O menino já foi encaminhado para atendimento psicológico e a investigação segue em sigilo e sem divulgação dos nomes da família para preservar a vítima. De acordo com a entrevista com delegada que conduz o caso ao G1, Raquel Kolberg: “A mãe foi ouvida e o menino foi encaminhado para exame de lesões e avaliação psicológica. A polícia aguarda o retorno dos atos para a conclusão do inquérito”.

Além disso, a delegada ainda confirmou que a mãe contou a polícia como era a dinâmica da família, bem como confessou não estar em casa no momento do evento – mas que o homem deixou a residência assim que a polícia deu início à investigação. O processo começou com a denúncia da escola ao Conselho Tutelar e a própria mãe do jovem, que procurou a polícia.
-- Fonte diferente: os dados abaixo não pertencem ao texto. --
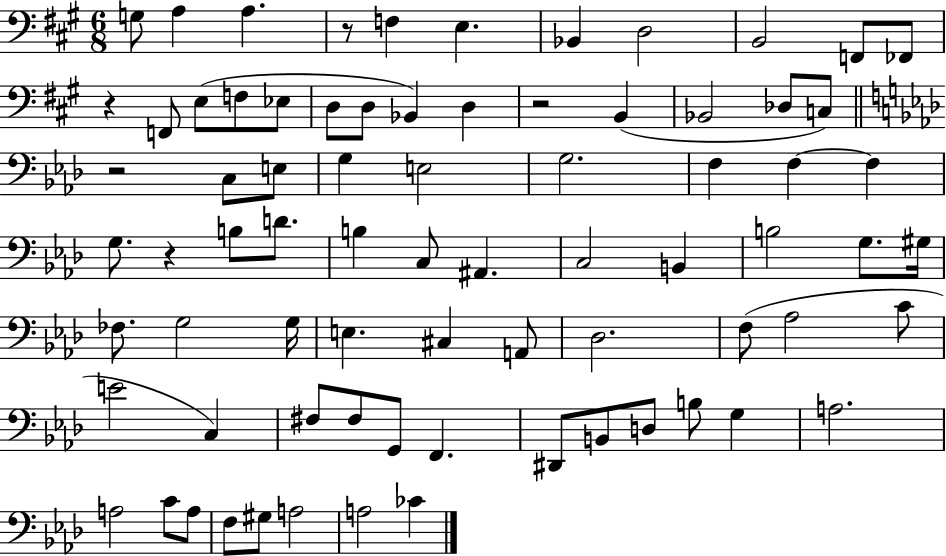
{
  \clef bass
  \numericTimeSignature
  \time 6/8
  \key a \major
  g8 a4 a4. | r8 f4 e4. | bes,4 d2 | b,2 f,8 fes,8 | \break r4 f,8 e8( f8 ees8 | d8 d8 bes,4) d4 | r2 b,4( | bes,2 des8 c8) | \break \bar "||" \break \key f \minor r2 c8 e8 | g4 e2 | g2. | f4 f4~~ f4 | \break g8. r4 b8 d'8. | b4 c8 ais,4. | c2 b,4 | b2 g8. gis16 | \break fes8. g2 g16 | e4. cis4 a,8 | des2. | f8( aes2 c'8 | \break e'2 c4) | fis8 fis8 g,8 f,4. | dis,8 b,8 d8 b8 g4 | a2. | \break a2 c'8 a8 | f8 gis8 a2 | a2 ces'4 | \bar "|."
}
O vídeo que contém o registro da agressão foi tirado do ar pelo próprio conselho e a investigação segue em sigilo para a proteção da vítima – que é menor de idade. Também em entrevista ao portal G1, Ademir da Rosa, conselheiro tutelar, relembra que essa é uma realidade mais comum do que parece e relembra da importância de se atentar a esses sinais: “Qualquer suspeita de maus tratos, agressão física e abuso – não deixe de denunciar. Denuncie!”, e ainda desabafa, “Nós estamos vivendo um momento de pandemia e muitos casos que acontecem nem chegam ao conhecimento do conselho tutelar e das autoridade.”